Trying to carefully craft something that meets both the business and technical needs of an organisation seems to be just as hard, if not harder, than when systems architects acquired all the hardware directly and built their own platforms.
Surely, this isn’t what the promise of the cloud was meant to be? Indeed it is not.
The idea of cloud, and this is certainly true of how it has been sold to enterprises in the past, was to provide a simple environment based on five key principles:
- On-demand self service
- Broad network access
- Resource pooling
- Dynamic elasticity
- A measured service
While the offerings of many public cloud providers largely meet these requirements, the idea of on-demand self-service was more about having access to a complete service.
What has emerged, however, is a set of poorly defined and difficult-to-integrate building blocks that can be assembled to create a new platform that could be used to run a useful service on.
Even large organisations struggle when trying to figure out the intricacies of Amazon Web Services (AWS), Microsoft and other public cloud offerings, while firms in the small to mid-market size range have little chance of getting a cost and performance-optimised result from the public cloud.
Cloud use is still not as mainstream as many industry commentators would have people believe, and the availability of customers that can be defined as easy targets for infrastructure and platform as a service (IaaS/PaaS) is drying up.
The lack of skills required to bring together all parts of a cloud platform is making many organisations look at their options and resolve to keep doing things the way they always have, while moving to adopt software-as-a-service (SaaS) offerings.
What is becoming obvious is that prospective cloud users need a different approach to consuming cloud. They need something simpler that allows them to move away from the complexity of setting up the initial base platform.
The answer to this could be serverless computing (a misnomer if ever there was one), which has nothing to do with getting rid of the hardware a service or application runs on. What it aims to do is offer the capacity to provide a function as a service in a simpler manner.
A lot of this harks back to earlier service provider technology provision, but it is now coming into its own due to improvements in standards and systems orchestration.
A who’s who of serverless computing
The first real instantiation of modern serverless computing can be seen through AWS’s Lambda product, which the cloud giant debuted in 2016.
Lambda provides a means of running code without the need to provision servers on the AWS EC2 platform.
Instead, users load the code they want to run, and Lambda takes care of provisioning the resources needed to run the workload, as well as monitoring and management.
It also brings in true use-based charging. Rather than charging users for a base logical server that is deemed to be on at all times, Lambda only charges when a function is being used.
Presently, Lambda is focused on providing these capabilities at the compute level, but, as time goes on, it will also include storage and network resources in the intelligence of the overall build.
Microsoft, IBM and Google have also joined the serverless bandwagon, with the roll-out of their respective Azure Functions, Bluemix OpenWhisk and Cloud Platform Cloud Functions offerings.
Each one has pretty much the same charging mechanism in place as Lambda, in that charging is based on events and live usage.
So what is serverless computing useful for?
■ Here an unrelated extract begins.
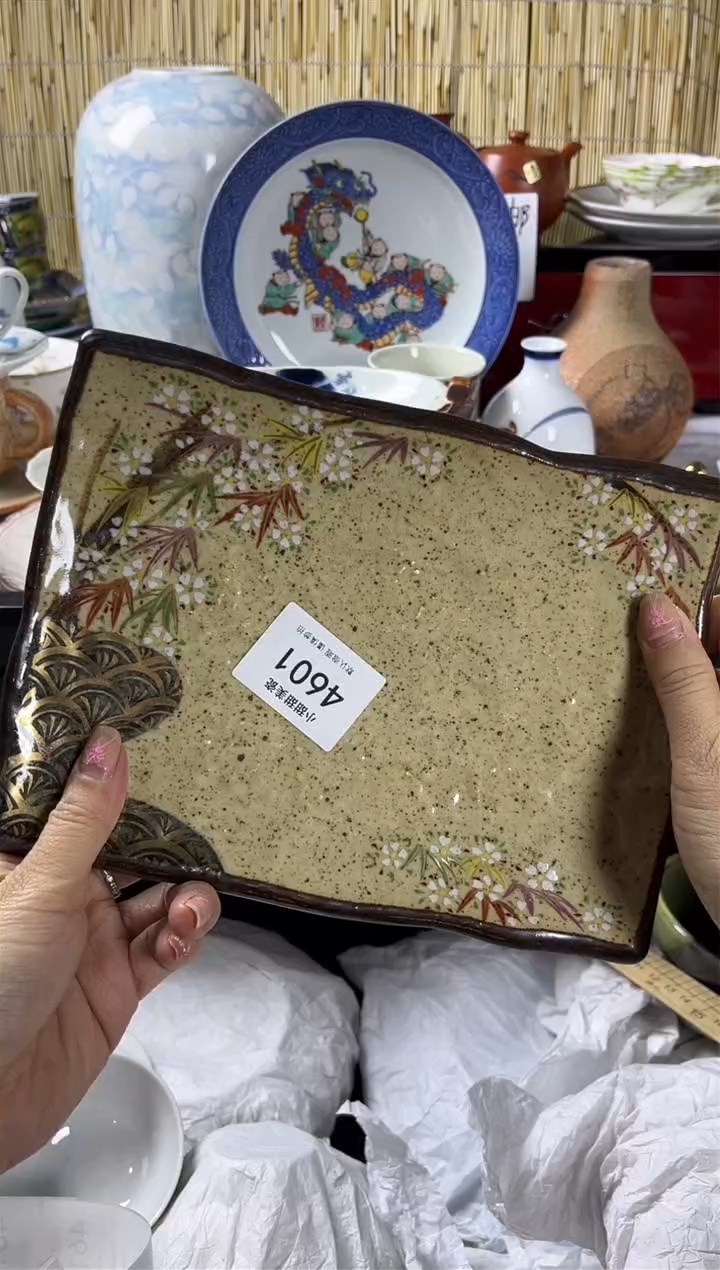 【闪购商品】碟            4601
At the moment, attempting to run a full-function application in this manner would not work well. The live time and amount of base resource required would be too high, and the costs involved would be horrendous and unpredictable.
However, consider something event driven, such as a surveillance system with a network camera set to upload a video to a cloud storage system when movement is detected.
The act of transferring that video from the camera to the cloud could trigger an analysis algorithm within a serverless environment.
The action of transferring is the trigger, creating the trigger charge and causing the code to be run to analyse the video, which then creates the live time charge.
Similarly, an organisation that wants to analyse documents for data leak prevention (DLP) purposes could create code that analyses documents for specific content and create metadata around it.
The document is saved in a cloud store, triggering the code to run, and the metadata is sent back to the document store.
Granted, it may not represent a nirvana of “tell me your business needs, and the cloud will provide”, but it is far closer to a self-defining system than organisations have become used to so far.
Of course, it remains to be seen how far the concept can be taken, and if we will get to see that nirvana being catered for in the next generation of serverless systems.
It is Quocirca’s view that 2017 will see organisations start to experiment with full resourceless computing to store in the public cloud.